THE PROPOSAL OUTLINE
- If you have downloaded an RFP from the Internet, you can use that file to begin constructing your proposal outline.
- If you do not have the RFP on disk, use a scanner to scan in important sections for use in preparing your outline.
- Some people prepare an annotated outline as well as a basic outline. An annotated outline can contain important points from the RFP, as well as your own information on what you are planning to say in each section.
- If you prepare an annotated outline, copy your file, save it under a different name, and delete the annotations. The result will be a basic outline which you can use for easier viewing and tracking of proposal sections and subsections.
- For each section and/or subsection of your outline, indicate the estimated number of pages that will be written, the person responsible for doing the writing, and the evaluation points.
- Put important instructions on the first page or at the top of your outline, so you don't have to rummage through the RFP to find them. These instructions might include: proposal due date and time, number of copies, page limits, font size, page margins, packaging and delivery instructions.
THE PROPOSAL SCHEDULE
- Make one and stick to it!
- Work backwards from the proposal due date.
- You might want to make a separate schedule for preparation of the cost/business proposal.
- Make sure you leave plenty of time for printing, binding, and delivering the proposal. Remember, the printer knows that an important document is being printed out, so it will break, jam or smudge. Have a back-up plan that includes having extra paper and toner on hand and sending the proposal out to be printed.
- Distribute the schedule to all members of your proposal team.
- Make sure you are familiar with the instructions in Section L of the RFP.
- Study the proposal evaluation criteria and the points allocated to each section/subsection of the technical proposal, as well as the points that are allocated to cost. This information will tell you what to emphasize and where to put your efforts with regard to proposal preparation.
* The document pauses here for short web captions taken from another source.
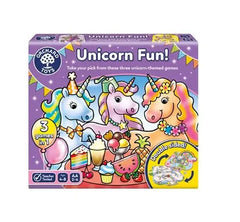 unicorn fun!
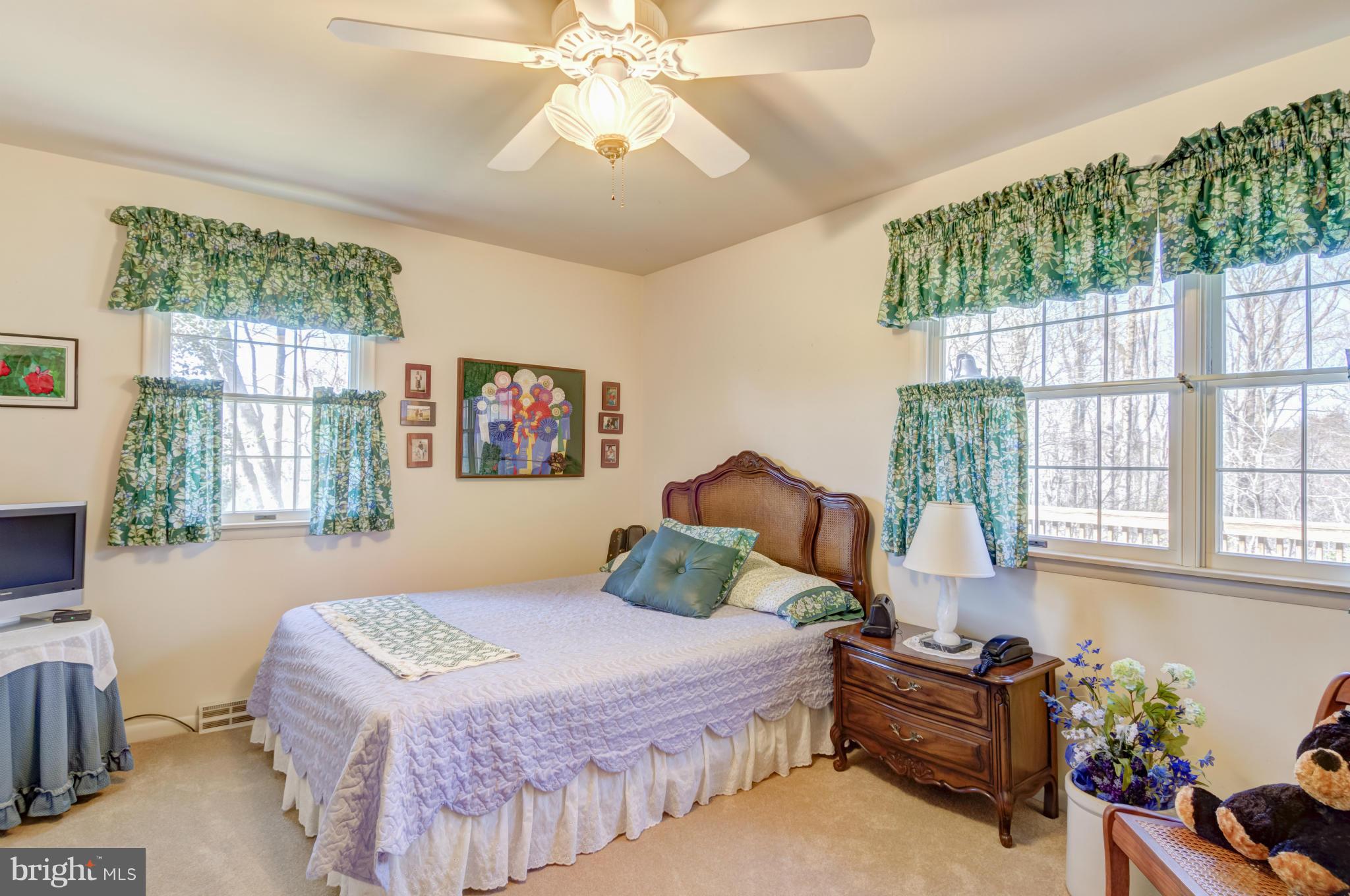 85-m F M F Bowen Road Huntingtown, MD 20639 - Photo 20 of 30 Bedroom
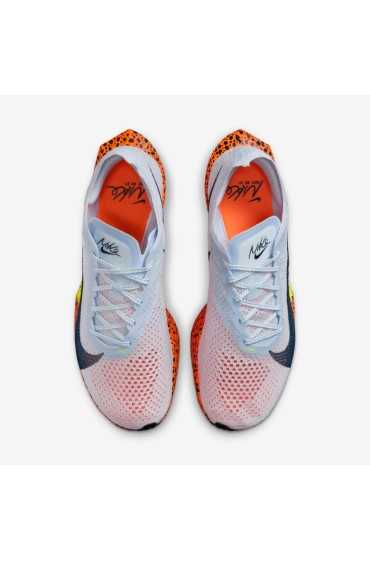 کتونی رانینگ مدل Nike Vaporfly 3 Electric رنگ چند رنگ مردانه نایک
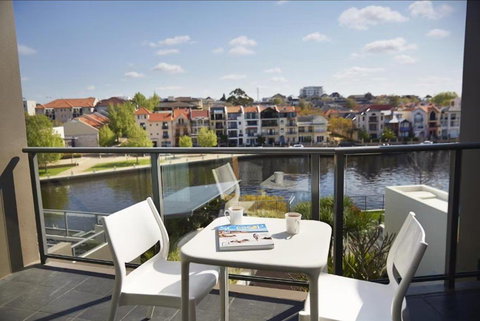 The Sebel East Perth - Brisbane Tourism 10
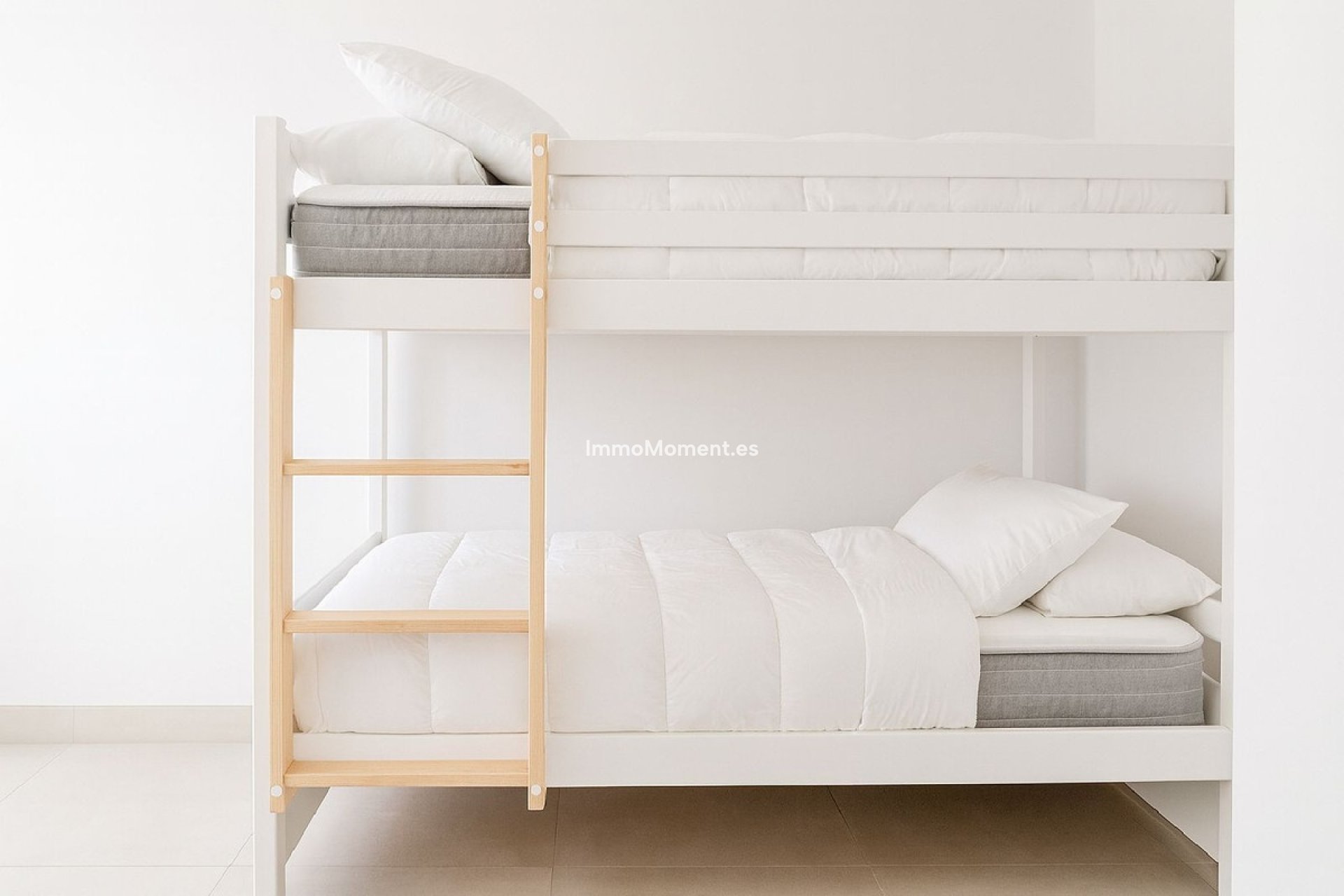 Wiederverkauf - Wohnung - Marbella - Puerto Banús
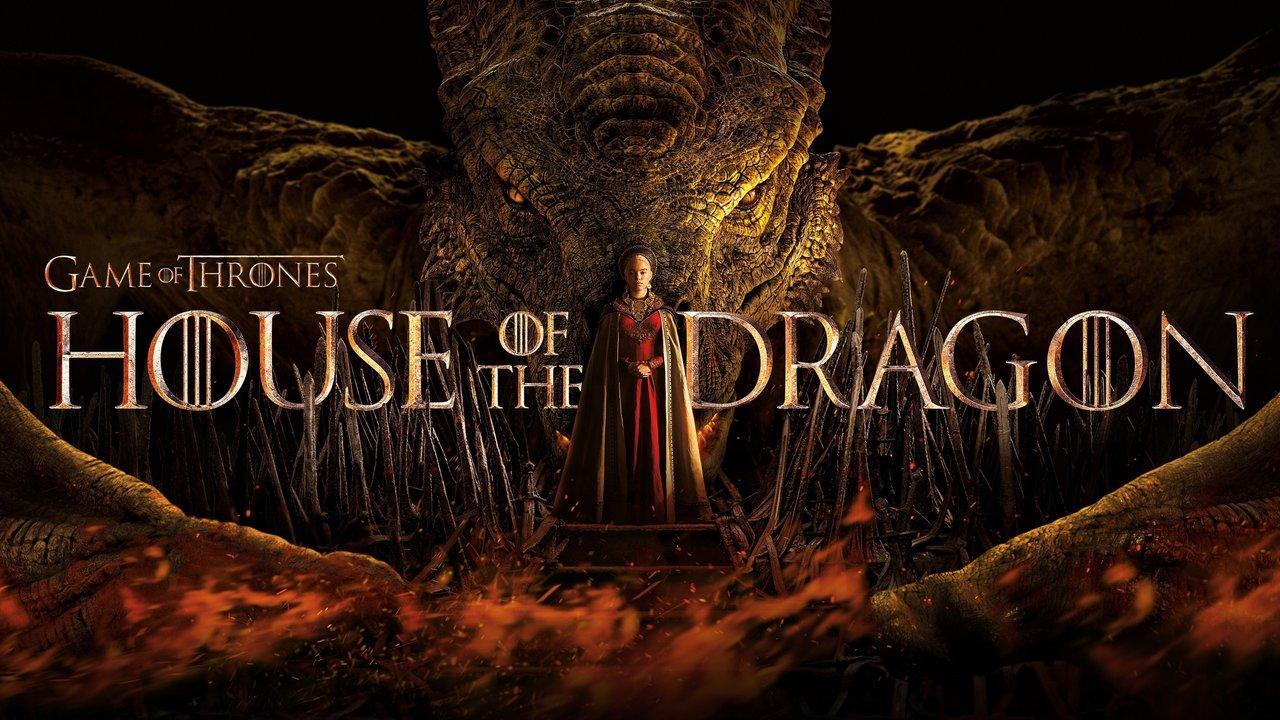 مسلسل House of the Dragon الموسم الاول الحلقة 7 السابعة مترجمة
- Hold an intial and regular follow-up meetings with your proposal team to discuss strategies, progress and problems.
- To the extent possible, your Technical Approach and strategy should provide answers to the following questions: who, what, when, where, how, and why.
- Depending upon the instructions in the RFP, your Management Section might contain a discussion on how you will manage the overall project, a discussion on how you will manage and oversee the work of your staff and subcontractors (if any), an organization chart of the project, and position descriptions of project staff.
- In your Personnel Section, you may be required to include narrative information on the experience and skills of the staff members you are proposing for the project and/or their resumes.
- In your Related Experience or Capabilities Section, you may need to demonstrate that you have performed similar or related work for this or other clients.
- Your proposal may have other sections such as an Executive Summary, a discussion of your Understanding of the Problem, Appendices, or other required information as specified in the RFP.
- Don't assume that the Government knows your organization's capabilities, staff or the projects you have carried out. The Government is supposed to evaluate only the specific information contained in your proposal. That means it must be written down in accordance with RFP instructions.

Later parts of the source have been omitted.